- _The problem_: There are pictures in the records below; leave them out and set down exactly the lines from the one holding "An antique Chinese" through the one holding "Updated kitchen featuring".

- _Data to examine_:
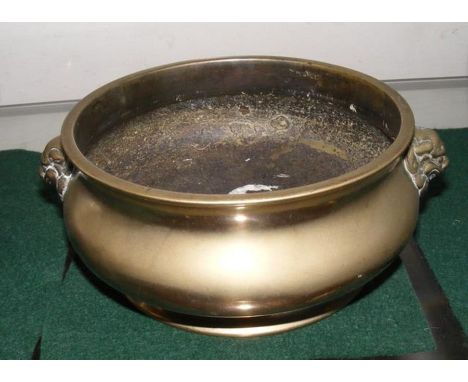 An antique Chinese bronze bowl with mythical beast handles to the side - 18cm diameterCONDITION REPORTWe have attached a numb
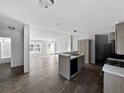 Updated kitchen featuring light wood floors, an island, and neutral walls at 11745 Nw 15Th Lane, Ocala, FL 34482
--
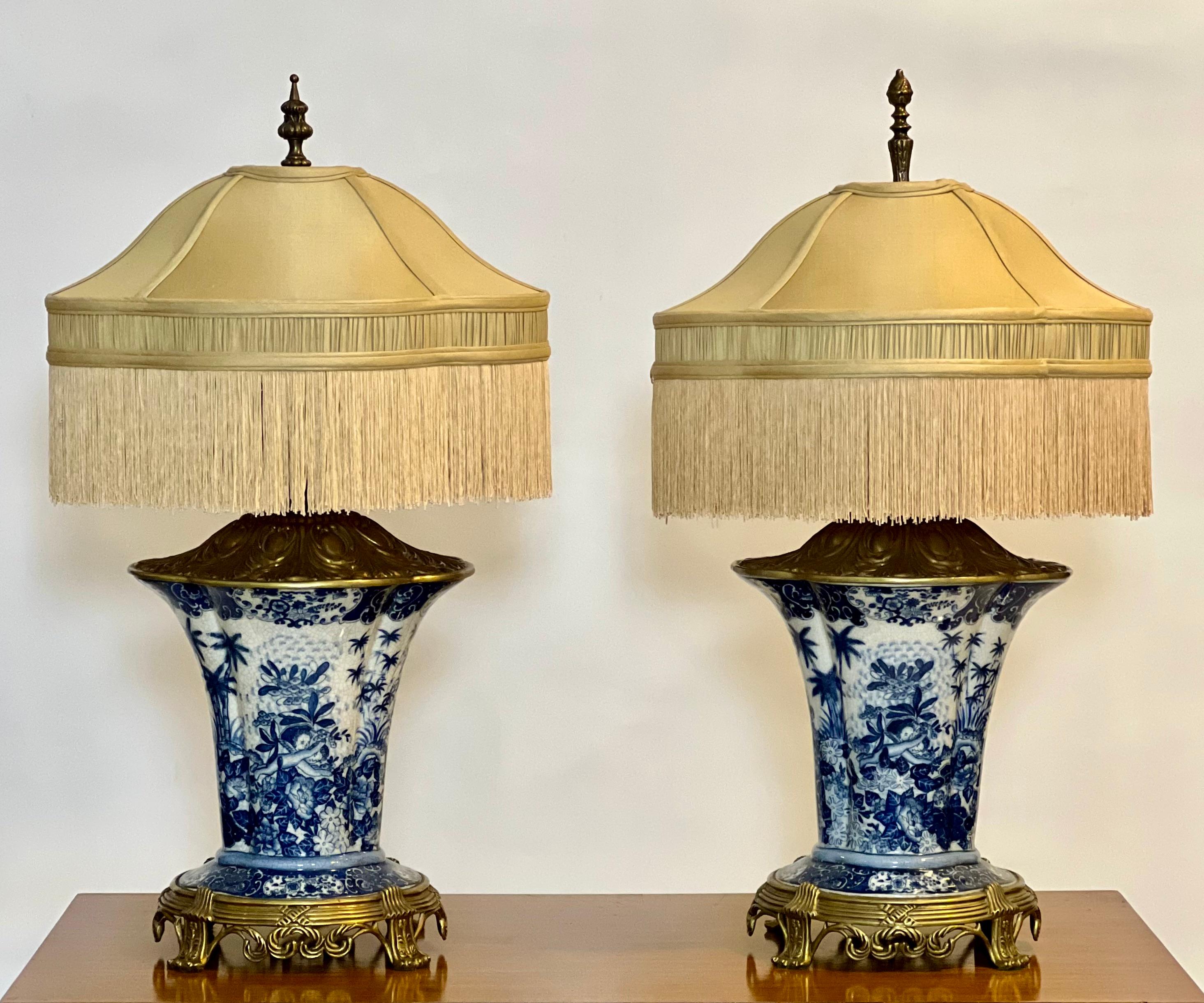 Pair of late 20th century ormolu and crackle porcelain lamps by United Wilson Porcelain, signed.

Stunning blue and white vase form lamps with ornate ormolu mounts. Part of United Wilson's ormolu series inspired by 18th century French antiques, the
...
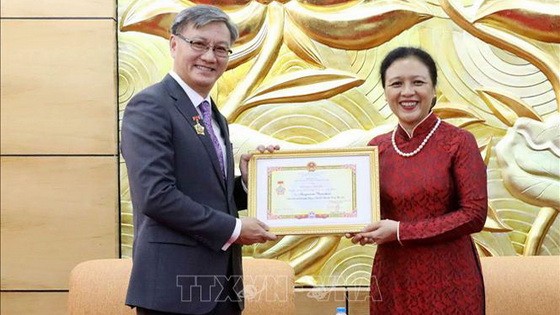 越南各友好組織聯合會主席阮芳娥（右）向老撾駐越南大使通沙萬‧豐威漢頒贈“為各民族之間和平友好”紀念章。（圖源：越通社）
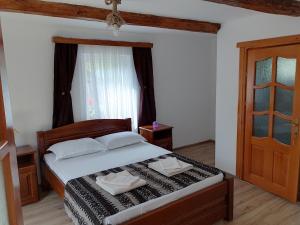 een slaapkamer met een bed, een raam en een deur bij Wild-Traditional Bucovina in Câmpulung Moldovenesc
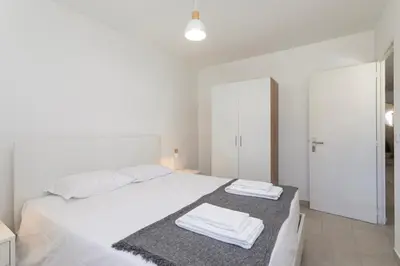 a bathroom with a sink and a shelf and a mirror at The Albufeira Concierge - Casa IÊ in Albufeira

- _Solution below_:
 An antique Chinese bronze bowl with mythical beast handles to the side - 18cm diameterCONDITION REPORTWe have attached a numb
 Updated kitchen featuring light wood floors, an island, and neutral walls at 11745 Nw 15Th Lane, Ocala, FL 34482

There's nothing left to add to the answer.